Azure SQL Data Sync - My Story

This is a story about my experiences using Azure SQL Data Sync. You will learn how to use this to migrate a custom on-premise database to Azure.

Azure SQL Data Sync Use Case

Continuing my theme of migrating a BizTalk solution to Azure in recent posts, I need to move a custom database to Azure. The BTHub database is on the same SQL Server that our BizTalk Server databases is on. Furthermore, the tables are simple and it is about 3 Gb in size.

Firstly this database stores some BizTalk lookup data. These tables are typically small with less than 500 rows each. Secondly we store some metadata about different processing events in other tables. The metadata tables contain about 500, 000 rows each and we purge this data after a year. The main use of the metadata is for troubleshooting by support staff.

We plan to move the BTHub data to Azure slowly as we migrate different applications into Azure. Thus we want to keep data synchronized between your on-premises databases and Azure SQL databases. Hybrid data synchronisation is one of the sweet spots for Azure SQL Data Sync and this is why we have chosen this as part of our overall plan.
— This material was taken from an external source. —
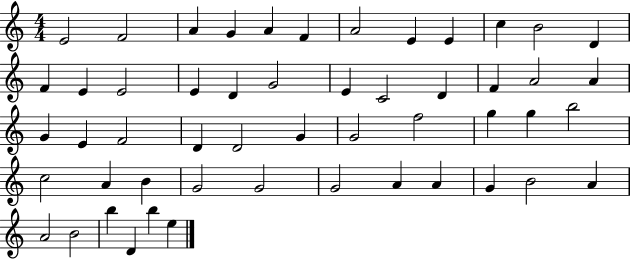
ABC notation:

Before our migration starts we have a customer requirement to run SQL Reporting Service Reports against the BTHub tables. We could not allow this customer to run these against our on-premises database. Firstly uncontrolled queries could affect our BizTalk Server because it has databases on the same SQL server. As an aside Microsoft recommend that you should not have custom databases on the same SQL server instance as your BizTalk Server databases for the same reason. Notwithstanding, the BizTalk Health monitor raises a warning when it detects this situation. Thirdly the customer is not in the same domain as our SQL Server. Finally there is other data in the database that belongs to other customers.
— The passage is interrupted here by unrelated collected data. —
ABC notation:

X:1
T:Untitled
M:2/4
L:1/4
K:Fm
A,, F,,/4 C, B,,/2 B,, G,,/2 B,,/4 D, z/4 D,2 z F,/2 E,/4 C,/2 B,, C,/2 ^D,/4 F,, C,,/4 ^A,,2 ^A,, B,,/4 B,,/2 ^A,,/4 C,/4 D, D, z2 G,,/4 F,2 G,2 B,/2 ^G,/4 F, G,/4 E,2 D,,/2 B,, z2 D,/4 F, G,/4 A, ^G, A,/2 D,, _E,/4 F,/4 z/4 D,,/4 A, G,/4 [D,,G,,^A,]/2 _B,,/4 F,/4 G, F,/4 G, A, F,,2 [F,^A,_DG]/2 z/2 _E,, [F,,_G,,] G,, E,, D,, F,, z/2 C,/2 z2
One solution was to first create a customer specific view. Secondly replicate the database to another SQL Server. Thirdly create a SQL user that only has access to this view & finally run the SSRS report against the replicate database. Separating different workloads across different databases is another sweet spot for Azure SQL data services.

This approach minimizes the performance impact on your production workload. You can use Data Sync to keep these two databases synchronized.

In conclusion this solution achieves four things for us;

Prepares an Azure custom database for our BizTalk migration.
Allows us to move our custom database away from SQL Server instance that hosts our BizTalk databases. This will remove one warning from the BizTalk Health Monitor.
Allows a customer to set up reports against the custom database view without affecting the SQL Server performance for other users. More importantly this view only contains their data.
Allows us to move tables slowly to our Azure SQL database.

My Database Setup Steps

The Microsoft documentation that describes how to setup Azure SQL Azure Data Sync is pretty good. I will only try to highlight some gotchas here.

Prepare your source database and ensure any tables that you want to synchronise contain a primary key. In my case I had to add a primary key to some of the tables.
Prepare a SQL view and create a SQL user that can only access this view. This will ensure our customer can only see his data and nobody else’s.
Create a blank SQL database in Azure as described here. I choose the smallest database size S0 with 10 DTU’s. I talk about this choice a little bit later on.
Install Data Migration Assistant on the on-premise SQL Server. I think it is important to use this wizard to validate your database schemas first.
Open your firewall on the Azure SQL server and your on-premise SQL server as described here. The firewall on the on-premise SQL Server allows ports 1433. The firewall on the Azure SQL server allows the IP address of the other SQL server.
Follow the Microsoft instructions to migrate the on-premise SQL database schema to Azure. Take your time to fix all validation warnings and errors before attempting the migration. Trust me this step is important if you want to get a good final result. Finally I only migrate schemas and not the data in this step. Importantly, I don’t need all the data migrate immediately and I do not want to set up synchronisation right from the beginning.
Reset and enable passwords again for the SQL users on the azure database.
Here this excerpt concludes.